Aliasing a closure is, therefore, a bit of a dead-end.
Rust recently added the ability to return an anonymous
implementation of a trait using impl Trait
. Thus, we can create a trait that
extends Fn(Coord) -> A
and use this as a type bound on functions that accept
or produce images. Put another way, for a type to fulfil the Img<A>
type
bound, it should also fulfil the Fn(Coord) -> A
constraint.
type Coord = (f32, f32);
trait Img<A> : Fn(Coord) -> A {}
impl <F, A> Img<A> for F where F: Fn(Coord) -> A {}
If you're not familiar with Rust that might look a little intimidating, so
let's break it down.
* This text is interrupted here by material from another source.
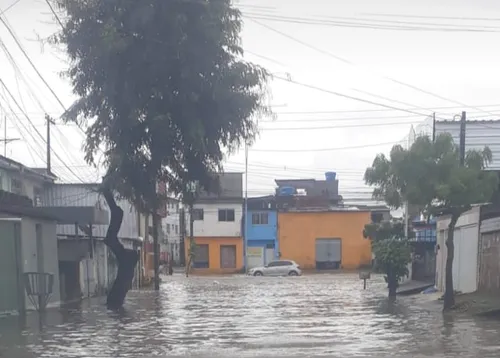 
          Imagem ilustrativa da imagem Chuvas deste sábado causam transtornos no Grande Recife e Zona da Mata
In the second line, we declare a new trait Img<A>
that
extends Fn(Coord) -> A
. In line 3, we provide a mechanism to lift any
function that satisfies the constraint Fn(Coord) -> A
to an Img<A>
.
Image regions
Now that we have a representation for Img
, we can express another type
featured in the Functional Images book chapter: Region
. Region
's, an alias
for type Img<bool>
, represent a mask where the pixel value, a boolean,
denotes whether that pixel falls inside the region or not.
trait Region : Img<bool> {}
impl <F> Region for F where F: Fn(Coord) -> bool {}
Let's create a few example Region
s from the book to get a feel for what it's
like to synthesise images using this API. Note, we'll see how to render
bitmaps for an Img
a little later in the post, but for now, just assume we
can produce an image from an Img
. vstrip
defines an infinite vertical
band centred on the y-axis of the image:
pub fn vstrip() -> impl Region {
|(x, _y): Coord| x.abs() <= 0.5
}
Another example is checker
(one of my personal favourites):
pub fn checker() -> impl Region {
|(x, y): Coord| ((x.floor() + y.floor()) as u32).is_even()
}
We can also define a function that produces alternating rings around the origin of the image:
pub fn dist_o(c: Coord) -> f32 {
let (x, y) = c;
(x * x + y * y).sqrt()
}
pub fn alt_rings() -> impl Region {
|p| (dist_o(p).floor() as i32).is_even()
}
dist_o
simply calculates the distance of a Coord
from the origin, i.e.,
Coord(0.0, 0.0)
, and alt_rings
just checks whether the floor
of a
coordinates distance from the origin is an even number to determine whether the
coordinate belongs to the Region
.
One thing worth emphasising in the vstrip
, checker
and alt_rings
examples is that they all define unbounded (or infinite) images. We can render
any part of a potentially infinitely large image at any resolution by simply
sampling 'pixel' values across the region we want at a frequency we specify.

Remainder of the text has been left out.